Medical cannabis for insomnia?
For many adults, consistent and healthy sleep is often elusive. Science and common sense tell us that sleep is a necessary component for a balanced and active lifestyle. To be short, you need sleep. Unluckily, sleep eludes countless adults. Statistics from the American Sleep Association shows that around 70 million American adults in the United States experience or are symptomatic of some sort of sleep disorder. Insomnia is one of the most frequent with around 30 percent of the American population experiencing slight or chronic insomnia. If shutting your eyes at night is becoming harder or difficult, you can know that you are not alone.
Since the number of individuals that experience sleep disorders have been increasing, there has been a synonymous rise in interest in medicinal cannabis. Members of the medical marijuana community consider marijuana as an effective treatment for insomnia, with little or no side effects on other aspects of their life.
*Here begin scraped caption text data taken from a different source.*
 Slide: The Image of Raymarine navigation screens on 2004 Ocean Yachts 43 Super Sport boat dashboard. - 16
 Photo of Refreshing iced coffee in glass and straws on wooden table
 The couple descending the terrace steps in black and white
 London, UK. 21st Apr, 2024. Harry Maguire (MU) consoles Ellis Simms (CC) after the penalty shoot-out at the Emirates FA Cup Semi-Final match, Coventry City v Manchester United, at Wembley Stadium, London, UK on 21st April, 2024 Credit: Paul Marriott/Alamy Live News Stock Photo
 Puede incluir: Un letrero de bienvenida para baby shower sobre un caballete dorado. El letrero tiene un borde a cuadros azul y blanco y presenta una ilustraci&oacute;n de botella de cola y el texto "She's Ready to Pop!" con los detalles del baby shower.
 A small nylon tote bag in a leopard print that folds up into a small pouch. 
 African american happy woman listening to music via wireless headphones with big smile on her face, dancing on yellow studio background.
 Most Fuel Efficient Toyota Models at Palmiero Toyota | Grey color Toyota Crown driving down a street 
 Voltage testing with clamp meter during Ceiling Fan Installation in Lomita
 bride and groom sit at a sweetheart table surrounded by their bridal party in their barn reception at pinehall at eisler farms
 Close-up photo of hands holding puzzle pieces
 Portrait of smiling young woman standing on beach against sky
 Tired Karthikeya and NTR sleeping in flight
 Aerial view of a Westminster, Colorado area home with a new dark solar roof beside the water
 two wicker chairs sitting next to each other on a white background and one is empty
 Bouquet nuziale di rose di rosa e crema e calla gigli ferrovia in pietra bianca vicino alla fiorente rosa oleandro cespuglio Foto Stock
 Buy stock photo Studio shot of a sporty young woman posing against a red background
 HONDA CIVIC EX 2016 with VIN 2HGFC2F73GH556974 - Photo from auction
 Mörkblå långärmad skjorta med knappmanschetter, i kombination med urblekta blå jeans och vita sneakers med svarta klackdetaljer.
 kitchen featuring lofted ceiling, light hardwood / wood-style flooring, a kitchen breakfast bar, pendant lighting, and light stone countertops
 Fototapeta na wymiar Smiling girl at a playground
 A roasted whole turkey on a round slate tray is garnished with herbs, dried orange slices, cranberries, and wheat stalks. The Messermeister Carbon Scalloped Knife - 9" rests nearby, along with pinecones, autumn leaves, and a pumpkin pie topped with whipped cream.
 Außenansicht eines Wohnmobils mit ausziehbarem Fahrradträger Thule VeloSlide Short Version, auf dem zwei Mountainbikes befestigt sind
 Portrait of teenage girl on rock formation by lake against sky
Marijuana has the capacity to restore a patient’s natural sleep cycle and can, in fact, be an effective treatment for you if shutting your eyes at night is the toughest part of your day. Using marijuana medicinally offers relief towards not only insomnia but the anxiety that keeps the mind awake when the body is ready for rest.
The science linking cannabis with sleep
Confronting the relationship between the brain, sleep, and cannabis unlocks the secret behind the medicinal power of marijuana and its positive effects on natural sleep patterns.
At its simplest level, cannabis contains a variety of cannabinoids. The two most common cannabinoids are cannabidiol (CBD) and Tetrahydrocannabinol (THC). CBD offers many health benefits as it is non-psychoactive. In other words, it does not cause the “high” feeling that is often associated with marijuana. Tetrahydrocannabinol (THC) on the other hand is psychoactive and responsible for psychoactive effects of marijuana. Because THC is the cannabinoid that induces sleep, you should select a strain that contains a high percentage of THC. A study conducted in 2008 suggests that ingestion of cannabis strains with higher levels of THC greatly reduces a subject’s experience of REM sleep. With reduced REM sleep, you should expect fewer dreams. If you have ever been diagnosed with PTSD, you should similarly see a decline in nightmares and night terrors. Although less REM sleep seems like a bad thing, science suggests that people who spend less time dreaming spend more time in a deep sleep state. Deep sleep state is the most restful and restorative part of your sleep cycle. Because REM is vital for healthy immune and cognitive functioning, taking high levels of THC for a long term could impair the quality of your sleep. Some studies have shown that regular use of marijuana may impair your sleep. Regardless of the subjective effects, marijuana can alter sleep cycles in ways that may truly help you.